Feeding off of the same vivid color palette visited by Mario Bava, Dario Argento and Tim Burton, Trick ‘r Treat owes a tremendous debt to EC Comics’ Tales from the Crypt and the supernatural retribution readers of that popular title were fed within its pages. It’s Creepshow by way of Doug Liman’s Go – a formula that doesn’t find its footing right away, but once Trick ‘r Treat does it becomes a mischievous and immersing vessel that channels the haunted spirit of autumn. Mirthful, wicked, sometimes poignant and always sinister, Dougherty’s tale (or tales) are engaged in the traditions of Halloween and the consequences (more often than not, death) of not adhering to them. This is fertile playing grounds for Dougherty who finds ways to rope in a serial killer, a vampire, werewolves, zombies and Sam, one of the cutest, devious and most memorable horror icons to grace the genre.

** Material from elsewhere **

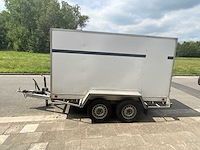 1998 rw 1930 aanhangwagen - afbeelding 12 van  19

Trick ‘r Treat‘s foundation is built on playing with your expectations. The narrative is a bouncy disjointed journey focusing on four parallel-running stories set in a small town on Halloween night. One tale introduces us to Dylan Baker’s irritable principal who issues candy every child should fear. True Blood‘s Anna Paquin and Lauren Lee Smith play sisters at the center of another story about four gals feeling frisky in their costumes and prowling the streets for men. Elsewhere, a group of youngsters venture out to a rock quarry to lay out pumpkins in honor of those who died in a tragic school bus accident. And Brian Cox – who reportedly wanted to fashion his look in the film after John Carpenter – caps the anthology with an almost sympathetic turn (I said almost) as Mr. Kreeg, an old man who has abandoned the Halloween holiday but is forced back into practicing its rituals.
Dougherty weaves and overlaps these stories with precision – it’s no easy task and the first fifteen minutes take some getting used to. Still, it’s easy to eventually slip into Trick ‘r Treat‘s poetic rhythm of horror and humor that work in equal parts in the film’s favor. For every elicited chuckle (a dude in a Hot Dog costume steals a shot) Dougherty counters it with something truly disturbing such as a scene in which a boy begins to vomit a bloody, chocolate-y mess or we witness three pumpkin-carrying teens disappear into a thick night fog. Yes, believe it or not, Trick ‘r Treat floats its share of genuine, classic frights analogous to the works of Val Lewton where situation, cinematography and location work as one – no part is greater than the whole. Although the film is a pumpkin of many faces, it delivers as a single uniform beast.
All the players involved also bring this living storefront Halloween display to life. Baker’s a total villainous sleaze who uses the holiday to externalize. Paquin and company lend the film its needed sex appeal which has an applause-worthy pay-off and just the presence of Cox (reuniting with Dougherty after X2: X-Men United) elevates the film to whole new level. And thankfully, he steps up to the plate and his head-to-head confrontation with Sam – a sack-headed, orange pajamas-wearing imp – wields its share of surprises until the very end.
Trick ‘r Treat is backed by beautiful art direction by Tony Wohlgemuth and photography from Glen MacPherson. The FX are also a true delight – I can’t single out any examples for fear of ruining some of the key revelations.
This is an absolute killer of a directorial debut on Dougherty’s behalf. He’s made horror fun again without completely succumbing to campy kitsch. It can be mean and scary (Amen!) yet it doesn’t embrace the doom ‘n gloom mantra sung by many genre entries today. There’s warmth to the film that you want to approach with caution (like an Amblin production of the ’80s with very sharp teeth). And that’s something I haven’t seen in a while.
Dougherty tosses in an homage or two to his personal genre favorites, but they almost seem unnecessary. We know he’s a horror fan. Trick ‘r Treat screams that fact. He has created an original all his own and it’s one of the best horror films I’ve seen in years.